Justement, le fait que Booba, pris à Miami, n’apparaisse pas dans “Jimmy” c’était une pression en moins. Ça m’a permis de réaliser le clip avec beaucoup plus de liberté. Vu le succès du clip, c’était plus facile d’enchaîner ensuite avec Kaaris.La confiance était là et travailler avec l’artiste sur le plateau n’était plus si difficile. Ça s’est donc parfaitement goupillé, pas à pas, de difficultés en difficultés.
À quel moment t’es tu mis à faire des clips ?
Avec mon co-réal’ de l’époque, Lio, on a commencé il y a près de 10 ans maintenant. Je commence à me faire vieux (rires). À l’époque, on avait fait un clip non-officiel pour Booba x Yuksek sur le son “Salade-Tomate-Oignon”, tourné avec nos propres moyens pour nous faire remarquer. Ça a plutôt bien marché.
Selon toi, comment un réalisateur s’adapte à l’univers d’un gros artiste ?
Pour moi, cela coule de source. Un artiste s’exprime à travers ses sons. Et ce sont ces sons que nous illustrons en tant que réalisateur. Il est donc logique que ce que nous écrivons pour un titre colle à la vision de l’interprète. Je vois tout cela de façon extrêmement fluide et cohérente. Si un clip colle avec ce qu’évoque une chanson, cela correspondra obligatoirement avec l’univers de l’artiste qui a écrit cette même chanson. En tout cas, c’est ma façon de procéder. J’écris pour un morceau, pour une ambiance musicale, pas pour un artiste. Cela lui correspondra naturellement après, si on a tous bien fait notre travail.
Est-ce que tu refuses souvent des projets ?
Malheureusement, je n’ai pas le choix. J’ai beaucoup de travail, notamment en pub, et je préfère faire un projet et tout donner dessus plutôt que d’en faire trois en même temps, mais mal par manque de temps et d’investissement personnel. Selon moi, il vaut mieux refuser que de mal faire les choses et donc manquer de respect à l’artiste en lui signant un projet visuel décevant.

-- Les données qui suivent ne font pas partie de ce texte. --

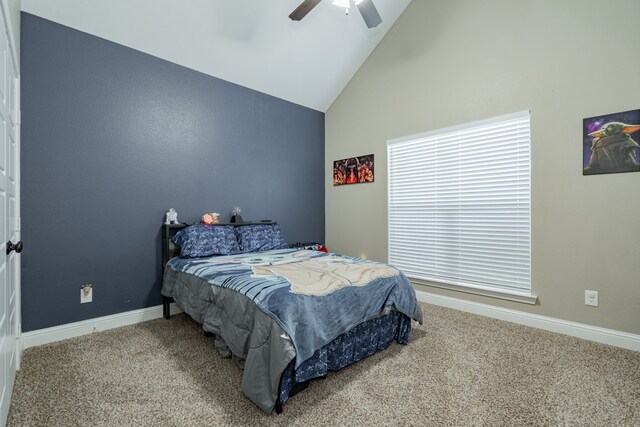 bedroom featuring carpet floors, high vaulted ceiling, and ceiling fan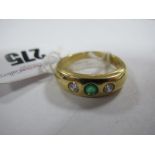 An 18ct Gold Emerald and Diamond Set Ring, rubover set to the centre with a circular emerald,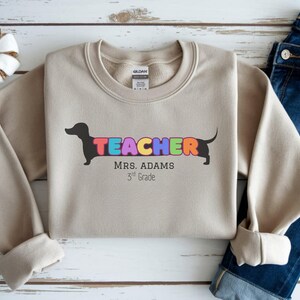 Pode incluir: Camisola bege com a palavra "TEACHER" em letras coloridas, integrada com uma silhueta de dachshund preto. O texto "MRS. ADAMS 3rd Grade" est&aacute; abaixo. A camisola &eacute; combinada com jeans azuis.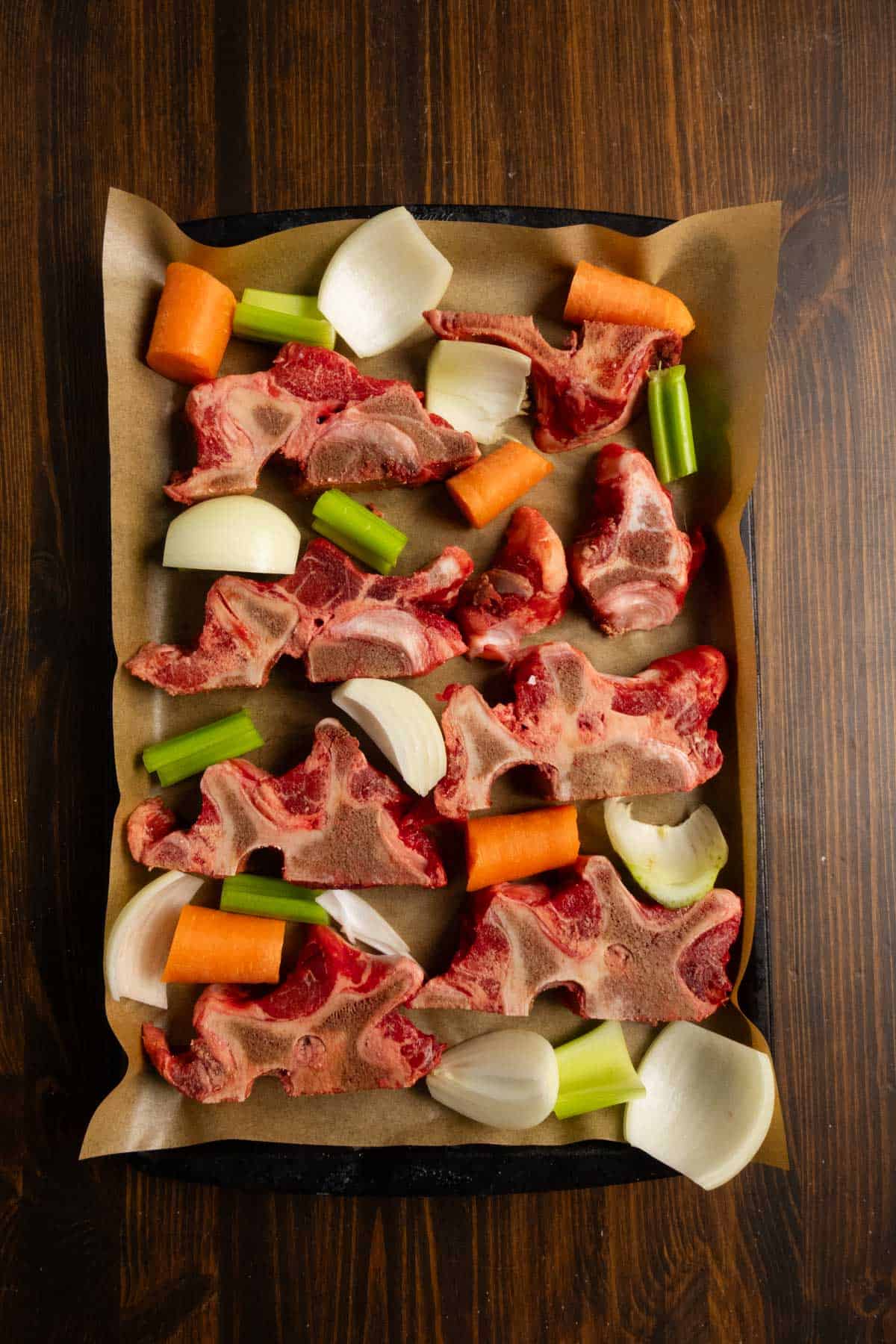 Beef neck bones and vegetables on a sheet pan before roasting.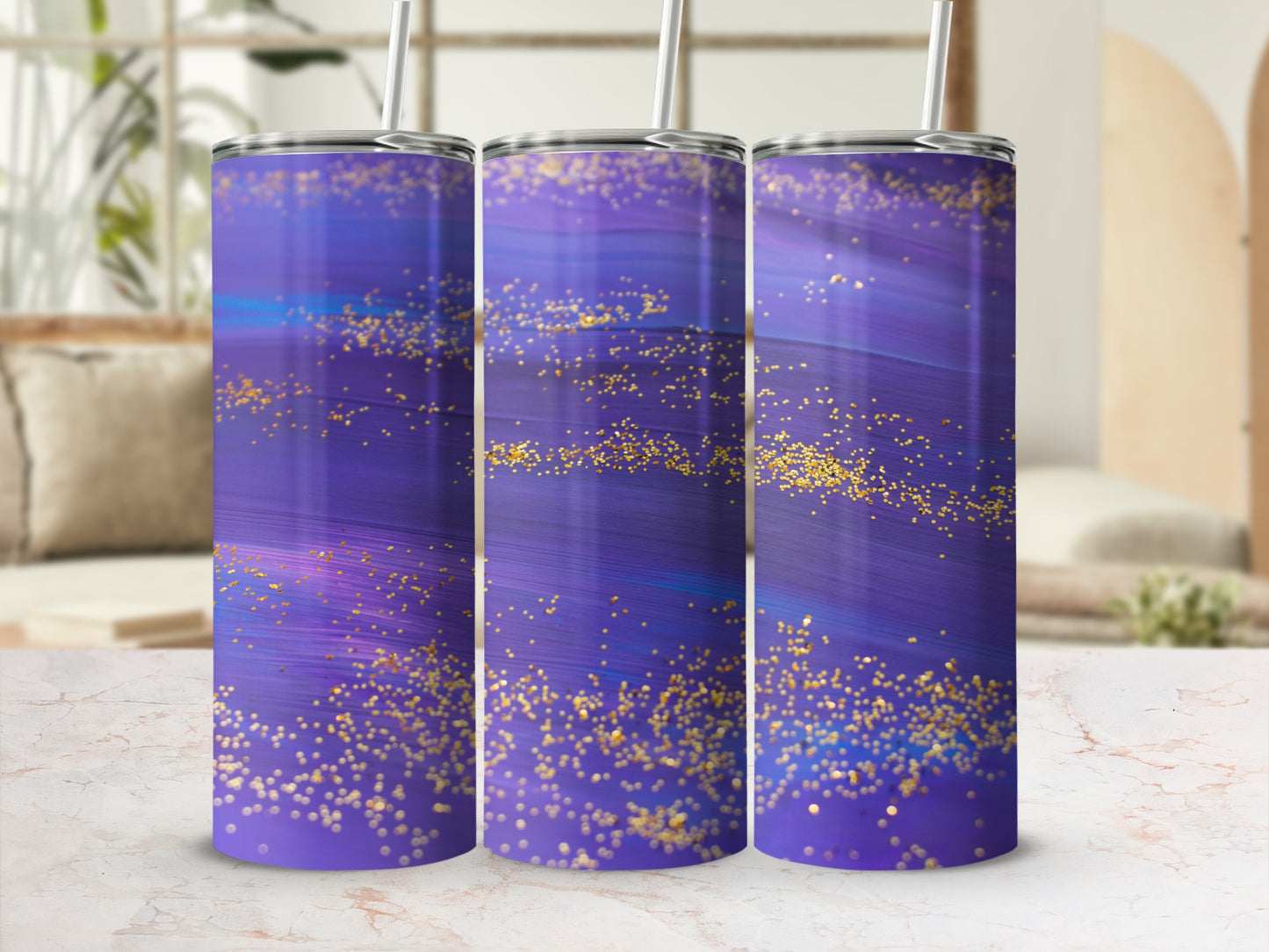 Purple marbled tumbler with gold glitter accents and straw.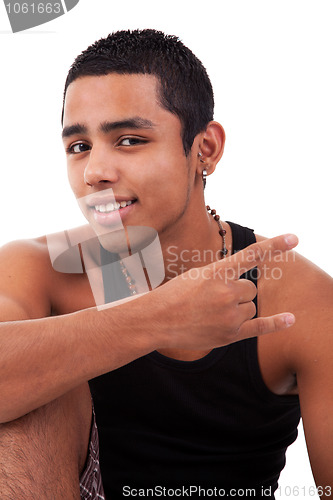 Image of Young latin man with thumbs raised as cool signal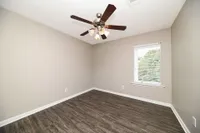 Bedroom with hardwood-style flooring and ceiling fan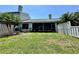 This backyard features a grassy area perfect for outdoor activities and gatherings at 907 San Carlos Ne Ave, St Petersburg, FL 33702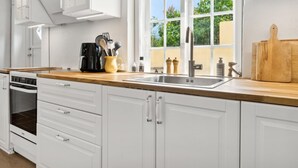 A modern kitchen with white cabinetry, a wooden countertop, a built-in oven, a coffee maker, and a window with a view of greenery. - "Øde" - 100m from the sea by Interhome (Svaneke)
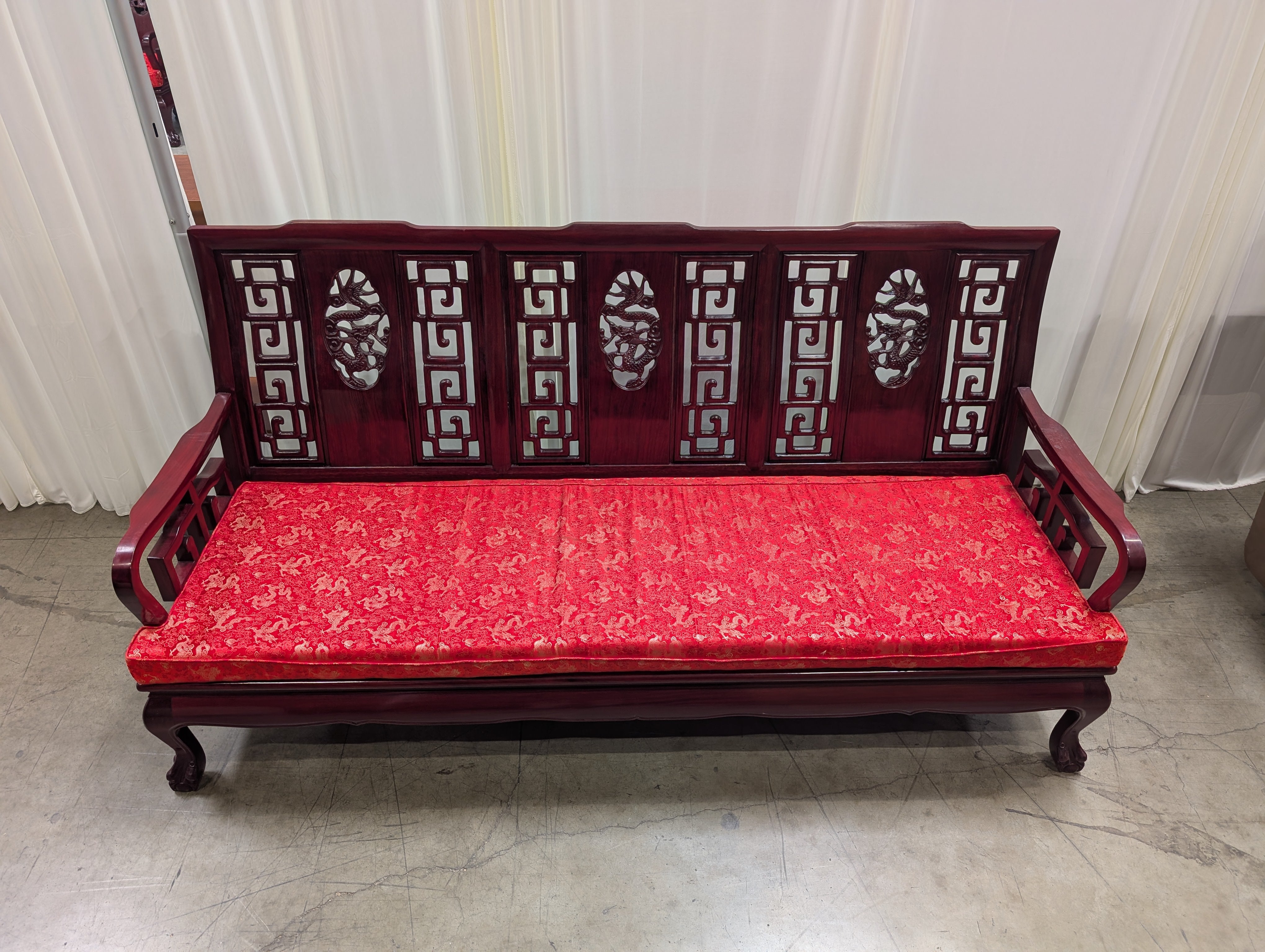 Dark Wood Asian Style Couch with Red Cushion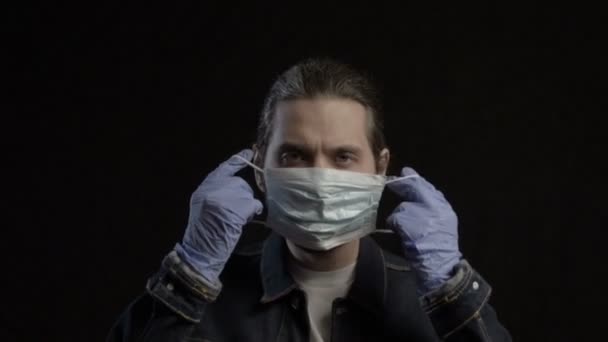 Muž si nasadí masku na tvář na tmavém pozadí a podívá se do kamery — Stock video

De nos jours, tout passe par l’image.
Grégory Ohrel
Tu réalises également des pubs. Quelle différences notables vois-tu dans l’approche créative entre un spot pub et un clip musical ?
Ce sont deux mondes extrêmement différents. Les budgets pub sont plus élevés et permettent donc de s’amuser avec plus de matériel, plus de plans compliqués… Par contre, il y a un produit à vendre et une agence de pub qui veille à ce que ce produit soit bien mis en avant. L’aspect créatif est donc réduit en comparaison avec un clip. C’est pourquoi j’aime alterner les deux.
Crains-tu que la crise sanitaire entraîne une baisse des budgets alloués à la production vidéo ? Que l’image soit reléguée au second plan pour faire des économies ?
Non. Les artistes et les marques auront toujours besoin de visuels pour vendre. De nos jours, tout passe par l’image.
Quelle est ta meilleure anecdote de tournage ?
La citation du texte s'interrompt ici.